DBTC Law Firm

Practicing law has changed radically since the “good old days”

A retrospective compiled from our current staff and attorneys shows just how much things have changed. Our firm’s senior partner started practicing 55 years ago, but even our junior-most associate has seen big changes in the last two years.  Remember rotary dial telephones, onion skin carbon copies, pink slip telephone messages and ashtrays in every office? Read on for this review of “Oh my, how things have changed in the law practice!”

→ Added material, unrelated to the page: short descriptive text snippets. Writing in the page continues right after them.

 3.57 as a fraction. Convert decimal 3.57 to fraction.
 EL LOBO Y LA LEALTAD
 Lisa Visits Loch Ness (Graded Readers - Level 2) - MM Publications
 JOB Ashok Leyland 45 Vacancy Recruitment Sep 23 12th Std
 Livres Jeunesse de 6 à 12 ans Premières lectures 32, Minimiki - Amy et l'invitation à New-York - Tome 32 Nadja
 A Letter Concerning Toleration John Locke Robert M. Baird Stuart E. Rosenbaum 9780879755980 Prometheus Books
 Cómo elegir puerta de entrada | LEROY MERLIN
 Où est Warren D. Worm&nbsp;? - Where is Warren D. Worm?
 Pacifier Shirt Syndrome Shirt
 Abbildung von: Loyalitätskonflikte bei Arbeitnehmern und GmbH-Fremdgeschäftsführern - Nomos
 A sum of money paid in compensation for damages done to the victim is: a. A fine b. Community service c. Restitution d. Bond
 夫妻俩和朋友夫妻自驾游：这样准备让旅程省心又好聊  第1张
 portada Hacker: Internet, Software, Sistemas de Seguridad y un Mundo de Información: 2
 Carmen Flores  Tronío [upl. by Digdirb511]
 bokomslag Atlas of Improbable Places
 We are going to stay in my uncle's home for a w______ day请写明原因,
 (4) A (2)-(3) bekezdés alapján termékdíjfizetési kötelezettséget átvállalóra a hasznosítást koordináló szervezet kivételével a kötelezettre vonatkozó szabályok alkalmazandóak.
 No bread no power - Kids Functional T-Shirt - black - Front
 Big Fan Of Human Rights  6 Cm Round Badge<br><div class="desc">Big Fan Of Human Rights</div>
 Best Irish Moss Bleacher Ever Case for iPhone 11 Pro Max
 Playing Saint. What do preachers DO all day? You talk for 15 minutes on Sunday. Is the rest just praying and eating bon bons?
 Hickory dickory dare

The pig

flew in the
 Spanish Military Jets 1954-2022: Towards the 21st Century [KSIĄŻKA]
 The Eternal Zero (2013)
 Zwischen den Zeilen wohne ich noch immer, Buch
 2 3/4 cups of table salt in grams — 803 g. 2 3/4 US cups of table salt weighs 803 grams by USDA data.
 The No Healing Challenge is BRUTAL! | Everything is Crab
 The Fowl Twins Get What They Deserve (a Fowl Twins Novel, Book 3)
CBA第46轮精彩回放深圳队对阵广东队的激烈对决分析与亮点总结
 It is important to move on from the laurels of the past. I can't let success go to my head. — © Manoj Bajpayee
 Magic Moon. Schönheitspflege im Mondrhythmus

Docket Calls. Not so long ago, lawyers had to attend “docket call” in order to obtain a trial date or a hearing on a motion. Every circuit judge – and every chancery judge, too, before circuit and chancery courts merged – called his docket on a specified date each month or quarter. All lawyers with a pending case were required to attend in person in order to request a trial date or to advise the court of the status of the case. While lawyers complained that attendance at docket calls took precious time away from their offices, these mandated appearances actually fostered a sense of collegiality among members of the bar and often resulted in settlement of disputes.

Electronic filing and online access to court records. The federal courts, including bankruptcy courts, were the first to require all pleadings and other documents in a case to be filed electronically, rather than in paper form. Now, our state courts are beginning to follow suit. All Pulaski County Circuit Court case filings must now be made electronically. Washington and Benton Counties are not yet set up for electronic filings but it is only a matter of time before they, too, are on board. And, although all filings are not yet made electronically, court records in most Arkansas counties are accessible online.

Social media. Social media has changed the face of litigation. Its impact in domestic relations and juvenile cases, in particular, has been huge. Parties and witnesses will have been fully vetted by opposing counsel through searches of Facebook, Twitter, and Instagram accounts, and embarrassing and incriminating posts may well come back to haunt them. In Donley v. Donley, 2015 Ark. App. 496, the Arkansas Court of Appeals held that the trial court did not abuse its discretion in admitting into evidence screenshots of Facebook comments and photos. Undoubtedly, new rules of civil procedure and evidence will eventually be implemented to govern the discoverability and admissibility of various forms of social media.

Technology. Nothing has caused the practice of law to change more profoundly than advances in technology. Communication by email, instead of “snail mail”, is now the default means of communicating with clients, other lawyers, and court personnel alike. Facetime and Skype often make in-person meetings with clients and witnesses unnecessary. Video depositions and attendance at depositions by video conferencing are commonplace. Discovery responses are now provided in digital formats – DVDs and flash drives – instead of on paper. And, of course, word processors have made those old memory typewriters and floppy disks obsolete!

Alternate dispute resolution. Mediation and arbitration are being utilized more and more often as a less expensive and less time-consuming method of resolving disputes. Only in recent years have certified mediators been available to assist parties in resolving cases. Arkansas courts have embraced the concept and many judges now require the parties to attempt mediation before going to trial.

Dress code. Even styles of dress have changed over the years! In the “old days”, lawyers routinely wore suits to work, whether they were due in court that day or not. When “casual Fridays” became popular, many lawyers followed the trend and dressed down on Fridays. Now, attorneys in many offices are as likely to wear jeans on a Monday as on a Friday – as long as they are not in court!

Although much about the practice of law has changed since the “good old days”, much also remains the same. As we adapt to the fast changing world around us, the Davis Law Firm continues to strive to provide the extraordinarily high quality of legal services which our clients deserve. We still abide by the ethical rules and principles which have long governed our profession. And, as always, our loyal clients remain our singular focus.